De una gran belleza fílmica, como sus anteriores “Billy Elliot” y “Las horas”; “El lector” -“The reader”, afortunada elección para la versión en castellano- Daldry combina con inteligencia temas personales y sociales profundos. El amor, lo que creemos que es el amor como construcción social, con su cuota de enamoramiento, de despertar sexual, de abuso de un menor, de rituales y fijaciones; se combinan en el film con el horror del nazismo, buscando una respuesta a cómo y por qué seres humanos son capaces de aberraciones inenarrables; y una explicación a cómo una sociedad puede aceptar esos hechos que no puede siquiera nombrar.
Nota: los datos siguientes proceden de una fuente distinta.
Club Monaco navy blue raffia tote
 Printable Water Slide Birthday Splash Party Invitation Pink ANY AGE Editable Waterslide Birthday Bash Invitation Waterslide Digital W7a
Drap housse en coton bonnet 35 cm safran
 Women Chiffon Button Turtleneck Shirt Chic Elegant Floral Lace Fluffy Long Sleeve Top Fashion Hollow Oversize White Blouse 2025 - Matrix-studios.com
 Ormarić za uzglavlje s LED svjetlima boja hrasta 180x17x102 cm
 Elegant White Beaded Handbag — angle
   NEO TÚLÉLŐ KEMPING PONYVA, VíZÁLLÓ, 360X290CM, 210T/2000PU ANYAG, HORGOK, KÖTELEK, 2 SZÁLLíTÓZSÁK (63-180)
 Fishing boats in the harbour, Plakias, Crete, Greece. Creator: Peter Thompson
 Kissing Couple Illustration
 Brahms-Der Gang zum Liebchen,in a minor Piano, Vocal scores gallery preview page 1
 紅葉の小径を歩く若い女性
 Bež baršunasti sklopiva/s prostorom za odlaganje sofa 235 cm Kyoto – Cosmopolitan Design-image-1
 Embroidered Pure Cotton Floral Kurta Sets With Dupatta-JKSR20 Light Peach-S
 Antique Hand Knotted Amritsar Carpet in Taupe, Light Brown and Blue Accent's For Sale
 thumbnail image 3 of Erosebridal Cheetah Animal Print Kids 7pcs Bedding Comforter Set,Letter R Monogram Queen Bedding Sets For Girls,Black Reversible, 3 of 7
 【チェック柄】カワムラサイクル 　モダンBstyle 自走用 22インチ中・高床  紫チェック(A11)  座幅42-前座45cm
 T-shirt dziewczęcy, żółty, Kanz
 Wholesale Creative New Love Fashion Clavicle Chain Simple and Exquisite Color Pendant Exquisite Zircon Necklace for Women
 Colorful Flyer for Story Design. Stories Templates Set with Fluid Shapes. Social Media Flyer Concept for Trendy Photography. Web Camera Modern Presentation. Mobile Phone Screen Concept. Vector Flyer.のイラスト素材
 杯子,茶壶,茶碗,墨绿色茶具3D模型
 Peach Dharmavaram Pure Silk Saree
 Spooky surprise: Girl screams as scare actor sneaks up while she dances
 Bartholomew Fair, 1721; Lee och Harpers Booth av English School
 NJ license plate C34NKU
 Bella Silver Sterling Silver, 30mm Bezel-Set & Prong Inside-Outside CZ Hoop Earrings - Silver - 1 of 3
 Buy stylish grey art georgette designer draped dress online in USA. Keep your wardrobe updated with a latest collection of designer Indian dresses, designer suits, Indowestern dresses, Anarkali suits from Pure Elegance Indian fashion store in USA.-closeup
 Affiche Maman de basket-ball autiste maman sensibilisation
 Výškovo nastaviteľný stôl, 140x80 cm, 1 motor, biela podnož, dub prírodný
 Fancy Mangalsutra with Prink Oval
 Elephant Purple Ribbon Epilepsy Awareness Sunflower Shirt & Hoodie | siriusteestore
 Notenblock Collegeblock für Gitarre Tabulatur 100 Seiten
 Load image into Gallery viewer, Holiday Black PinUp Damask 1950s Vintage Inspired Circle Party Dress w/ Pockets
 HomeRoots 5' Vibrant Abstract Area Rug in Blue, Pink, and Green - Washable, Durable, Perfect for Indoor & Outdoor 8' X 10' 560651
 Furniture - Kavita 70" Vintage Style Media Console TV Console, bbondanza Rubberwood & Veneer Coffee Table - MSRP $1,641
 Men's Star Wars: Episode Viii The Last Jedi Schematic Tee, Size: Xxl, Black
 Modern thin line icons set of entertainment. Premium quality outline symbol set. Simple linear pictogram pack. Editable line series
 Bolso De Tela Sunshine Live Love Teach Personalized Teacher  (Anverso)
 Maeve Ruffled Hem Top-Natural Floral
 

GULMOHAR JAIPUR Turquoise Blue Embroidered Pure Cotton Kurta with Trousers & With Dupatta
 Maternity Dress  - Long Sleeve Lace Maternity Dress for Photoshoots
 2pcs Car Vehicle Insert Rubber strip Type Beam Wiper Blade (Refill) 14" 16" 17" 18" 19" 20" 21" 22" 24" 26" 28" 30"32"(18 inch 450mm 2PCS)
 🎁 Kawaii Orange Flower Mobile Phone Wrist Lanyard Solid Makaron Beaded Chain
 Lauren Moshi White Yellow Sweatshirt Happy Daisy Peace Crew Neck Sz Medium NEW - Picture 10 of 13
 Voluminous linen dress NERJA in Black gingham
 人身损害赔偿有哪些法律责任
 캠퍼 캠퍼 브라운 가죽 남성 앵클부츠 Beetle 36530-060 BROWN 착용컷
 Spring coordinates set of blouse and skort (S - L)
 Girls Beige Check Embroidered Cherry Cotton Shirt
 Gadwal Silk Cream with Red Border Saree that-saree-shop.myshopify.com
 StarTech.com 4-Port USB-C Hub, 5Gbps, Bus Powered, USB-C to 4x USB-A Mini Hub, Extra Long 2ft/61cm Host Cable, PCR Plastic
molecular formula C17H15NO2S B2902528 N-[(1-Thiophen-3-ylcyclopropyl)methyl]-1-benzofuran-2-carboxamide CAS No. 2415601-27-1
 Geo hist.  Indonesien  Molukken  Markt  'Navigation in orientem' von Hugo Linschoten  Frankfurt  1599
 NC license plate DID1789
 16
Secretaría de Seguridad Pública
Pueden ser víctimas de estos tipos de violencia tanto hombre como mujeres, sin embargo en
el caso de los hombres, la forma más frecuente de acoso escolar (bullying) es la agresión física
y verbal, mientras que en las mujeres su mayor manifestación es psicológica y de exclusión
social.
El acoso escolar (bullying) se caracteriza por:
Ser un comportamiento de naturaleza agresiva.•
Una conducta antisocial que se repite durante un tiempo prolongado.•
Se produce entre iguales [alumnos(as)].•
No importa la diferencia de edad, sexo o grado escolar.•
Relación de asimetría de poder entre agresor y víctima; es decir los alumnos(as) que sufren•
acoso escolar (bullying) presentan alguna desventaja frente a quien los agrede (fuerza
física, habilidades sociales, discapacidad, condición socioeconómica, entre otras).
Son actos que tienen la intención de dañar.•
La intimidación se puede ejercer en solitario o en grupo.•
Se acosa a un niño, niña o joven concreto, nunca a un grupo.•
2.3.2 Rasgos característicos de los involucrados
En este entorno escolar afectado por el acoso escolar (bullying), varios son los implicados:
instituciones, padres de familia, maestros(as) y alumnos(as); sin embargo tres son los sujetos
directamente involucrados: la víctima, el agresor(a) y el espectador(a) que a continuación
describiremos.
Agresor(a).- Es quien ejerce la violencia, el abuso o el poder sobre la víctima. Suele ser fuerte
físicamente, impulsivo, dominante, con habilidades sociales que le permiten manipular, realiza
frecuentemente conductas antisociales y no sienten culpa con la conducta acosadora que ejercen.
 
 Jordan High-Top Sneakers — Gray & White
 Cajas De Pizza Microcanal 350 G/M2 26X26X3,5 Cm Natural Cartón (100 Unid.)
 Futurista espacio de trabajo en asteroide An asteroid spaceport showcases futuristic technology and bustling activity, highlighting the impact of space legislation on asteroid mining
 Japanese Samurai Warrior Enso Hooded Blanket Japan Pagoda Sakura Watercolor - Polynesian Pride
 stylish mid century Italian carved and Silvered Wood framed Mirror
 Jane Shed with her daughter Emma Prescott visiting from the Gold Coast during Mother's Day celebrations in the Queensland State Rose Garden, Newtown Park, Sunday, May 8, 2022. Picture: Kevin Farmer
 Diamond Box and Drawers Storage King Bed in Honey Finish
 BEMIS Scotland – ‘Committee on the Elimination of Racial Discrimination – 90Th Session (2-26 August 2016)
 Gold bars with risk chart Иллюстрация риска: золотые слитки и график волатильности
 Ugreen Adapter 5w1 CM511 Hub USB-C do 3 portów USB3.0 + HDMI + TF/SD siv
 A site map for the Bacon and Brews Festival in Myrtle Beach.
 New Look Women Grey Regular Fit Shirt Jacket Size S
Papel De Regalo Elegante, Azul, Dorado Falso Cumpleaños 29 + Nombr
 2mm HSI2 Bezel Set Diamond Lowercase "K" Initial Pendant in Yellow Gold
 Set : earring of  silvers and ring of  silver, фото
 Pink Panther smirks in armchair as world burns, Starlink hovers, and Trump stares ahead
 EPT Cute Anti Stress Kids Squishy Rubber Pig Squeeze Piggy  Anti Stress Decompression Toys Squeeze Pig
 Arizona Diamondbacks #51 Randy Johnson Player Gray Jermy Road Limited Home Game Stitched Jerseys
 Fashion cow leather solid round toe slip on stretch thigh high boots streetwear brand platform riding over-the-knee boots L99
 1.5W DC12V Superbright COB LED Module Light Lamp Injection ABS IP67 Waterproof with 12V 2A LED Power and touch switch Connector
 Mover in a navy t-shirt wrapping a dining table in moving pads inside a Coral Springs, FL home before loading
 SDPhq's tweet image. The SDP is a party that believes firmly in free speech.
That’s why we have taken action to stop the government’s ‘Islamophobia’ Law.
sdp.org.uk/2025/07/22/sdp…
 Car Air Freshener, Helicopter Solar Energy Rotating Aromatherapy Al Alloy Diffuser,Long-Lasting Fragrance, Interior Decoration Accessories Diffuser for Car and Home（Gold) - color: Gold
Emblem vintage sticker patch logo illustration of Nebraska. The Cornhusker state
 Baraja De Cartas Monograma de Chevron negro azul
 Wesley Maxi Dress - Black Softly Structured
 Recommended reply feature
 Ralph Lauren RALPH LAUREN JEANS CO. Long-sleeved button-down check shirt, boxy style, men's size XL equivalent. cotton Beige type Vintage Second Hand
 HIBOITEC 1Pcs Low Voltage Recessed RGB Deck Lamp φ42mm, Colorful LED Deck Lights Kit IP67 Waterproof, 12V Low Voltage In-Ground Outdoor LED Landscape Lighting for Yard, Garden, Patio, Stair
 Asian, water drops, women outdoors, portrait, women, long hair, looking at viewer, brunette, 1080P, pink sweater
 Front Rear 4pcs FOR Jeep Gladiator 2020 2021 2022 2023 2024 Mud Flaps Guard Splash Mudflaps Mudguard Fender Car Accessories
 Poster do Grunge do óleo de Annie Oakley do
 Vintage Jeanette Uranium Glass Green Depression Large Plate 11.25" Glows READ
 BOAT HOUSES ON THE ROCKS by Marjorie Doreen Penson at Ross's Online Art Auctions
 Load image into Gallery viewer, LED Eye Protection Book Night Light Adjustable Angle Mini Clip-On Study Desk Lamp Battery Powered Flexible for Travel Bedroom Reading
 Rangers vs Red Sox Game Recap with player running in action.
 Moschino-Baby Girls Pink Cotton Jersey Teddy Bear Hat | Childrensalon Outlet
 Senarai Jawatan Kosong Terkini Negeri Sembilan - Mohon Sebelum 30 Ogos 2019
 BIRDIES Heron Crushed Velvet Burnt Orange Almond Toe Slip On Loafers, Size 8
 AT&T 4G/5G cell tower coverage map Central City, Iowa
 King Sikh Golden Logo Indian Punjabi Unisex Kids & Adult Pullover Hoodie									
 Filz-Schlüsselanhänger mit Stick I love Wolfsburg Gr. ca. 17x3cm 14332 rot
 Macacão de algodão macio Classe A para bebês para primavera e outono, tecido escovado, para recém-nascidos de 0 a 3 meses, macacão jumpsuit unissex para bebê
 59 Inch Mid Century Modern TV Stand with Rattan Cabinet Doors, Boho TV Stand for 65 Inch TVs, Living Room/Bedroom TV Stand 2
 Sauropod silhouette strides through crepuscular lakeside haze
La vida del adolescente que despertó al sexo con una mujer que le doblaba la edad y había sido guardia de campo de concentración nazi; el efecto que esa mujer tuvo en la vida de este hombre y el silencio personal y social de una Alemania dividida por esa guerra de mediados del siglo XX; la ignorancia, la literatura como vía de conocimiento, la parodia de justicia que ofrecen las sociedades son los temas que Daldry analiza en su película: una reflexión sobre la vida y la realidad que sobrecoge por su humanismo, su inteligencia y su intensidad.